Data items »
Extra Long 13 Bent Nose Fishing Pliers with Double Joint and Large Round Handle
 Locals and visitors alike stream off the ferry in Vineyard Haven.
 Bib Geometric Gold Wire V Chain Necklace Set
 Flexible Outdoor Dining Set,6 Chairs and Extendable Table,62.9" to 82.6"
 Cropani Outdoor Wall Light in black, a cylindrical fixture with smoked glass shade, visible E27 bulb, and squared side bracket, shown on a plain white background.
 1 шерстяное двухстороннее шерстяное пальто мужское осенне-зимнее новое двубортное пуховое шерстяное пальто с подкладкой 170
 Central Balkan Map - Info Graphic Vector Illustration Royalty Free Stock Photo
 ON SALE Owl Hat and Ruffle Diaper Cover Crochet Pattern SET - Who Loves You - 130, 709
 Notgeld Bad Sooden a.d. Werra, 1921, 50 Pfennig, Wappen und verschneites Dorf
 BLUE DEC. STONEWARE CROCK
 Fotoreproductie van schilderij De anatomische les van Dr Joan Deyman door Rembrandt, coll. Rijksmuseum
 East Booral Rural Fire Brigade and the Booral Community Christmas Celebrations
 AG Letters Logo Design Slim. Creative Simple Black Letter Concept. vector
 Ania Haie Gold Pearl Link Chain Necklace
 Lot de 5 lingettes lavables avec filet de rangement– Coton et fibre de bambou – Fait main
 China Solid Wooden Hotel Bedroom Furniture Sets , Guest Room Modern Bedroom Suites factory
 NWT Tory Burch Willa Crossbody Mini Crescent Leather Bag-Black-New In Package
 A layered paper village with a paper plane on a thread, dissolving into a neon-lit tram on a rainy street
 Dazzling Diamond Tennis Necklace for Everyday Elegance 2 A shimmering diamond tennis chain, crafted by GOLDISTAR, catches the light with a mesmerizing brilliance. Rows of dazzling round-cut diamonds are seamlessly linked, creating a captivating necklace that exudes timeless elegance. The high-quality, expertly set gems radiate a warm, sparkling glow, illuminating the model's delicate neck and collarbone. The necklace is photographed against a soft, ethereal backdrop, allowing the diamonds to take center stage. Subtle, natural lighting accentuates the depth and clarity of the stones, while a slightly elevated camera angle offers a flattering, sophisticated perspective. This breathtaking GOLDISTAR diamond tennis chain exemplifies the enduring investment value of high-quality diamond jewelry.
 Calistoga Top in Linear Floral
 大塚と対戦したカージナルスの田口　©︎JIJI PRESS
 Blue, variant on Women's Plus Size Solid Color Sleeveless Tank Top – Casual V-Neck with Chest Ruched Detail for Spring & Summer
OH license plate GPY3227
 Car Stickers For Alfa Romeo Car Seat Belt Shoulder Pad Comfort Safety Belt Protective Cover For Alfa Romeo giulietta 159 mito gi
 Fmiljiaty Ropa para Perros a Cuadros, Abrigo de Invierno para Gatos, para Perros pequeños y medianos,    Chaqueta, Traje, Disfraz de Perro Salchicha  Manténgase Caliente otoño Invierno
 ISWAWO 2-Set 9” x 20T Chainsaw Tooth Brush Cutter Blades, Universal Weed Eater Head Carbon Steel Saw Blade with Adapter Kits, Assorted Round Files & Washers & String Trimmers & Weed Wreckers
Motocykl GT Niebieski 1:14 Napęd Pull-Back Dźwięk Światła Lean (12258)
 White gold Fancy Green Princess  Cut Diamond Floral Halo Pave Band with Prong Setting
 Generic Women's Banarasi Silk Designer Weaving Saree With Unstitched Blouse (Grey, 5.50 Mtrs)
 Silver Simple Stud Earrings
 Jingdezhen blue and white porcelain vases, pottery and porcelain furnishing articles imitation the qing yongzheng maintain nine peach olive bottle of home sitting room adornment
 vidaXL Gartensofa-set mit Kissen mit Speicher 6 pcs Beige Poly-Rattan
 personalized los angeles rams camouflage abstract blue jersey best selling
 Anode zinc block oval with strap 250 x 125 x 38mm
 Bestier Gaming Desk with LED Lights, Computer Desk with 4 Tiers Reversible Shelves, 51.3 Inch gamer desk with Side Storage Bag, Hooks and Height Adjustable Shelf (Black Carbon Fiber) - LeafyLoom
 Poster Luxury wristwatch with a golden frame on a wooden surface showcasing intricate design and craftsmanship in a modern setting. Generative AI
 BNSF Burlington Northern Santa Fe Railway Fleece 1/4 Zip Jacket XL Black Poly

EXERCISE DIRECTIONS » Please output only the lines from the first line of the entries through the line with "1 шерстяное двухстороннее", both included, exactly as written.

REPLY »
Extra Long 13 Bent Nose Fishing Pliers with Double Joint and Large Round Handle
 Locals and visitors alike stream off the ferry in Vineyard Haven.
 Bib Geometric Gold Wire V Chain Necklace Set
 Flexible Outdoor Dining Set,6 Chairs and Extendable Table,62.9" to 82.6"
 Cropani Outdoor Wall Light in black, a cylindrical fixture with smoked glass shade, visible E27 bulb, and squared side bracket, shown on a plain white background.
 1 шерстяное двухстороннее шерстяное пальто мужское осенне-зимнее новое двубортное пуховое шерстяное пальто с подкладкой 170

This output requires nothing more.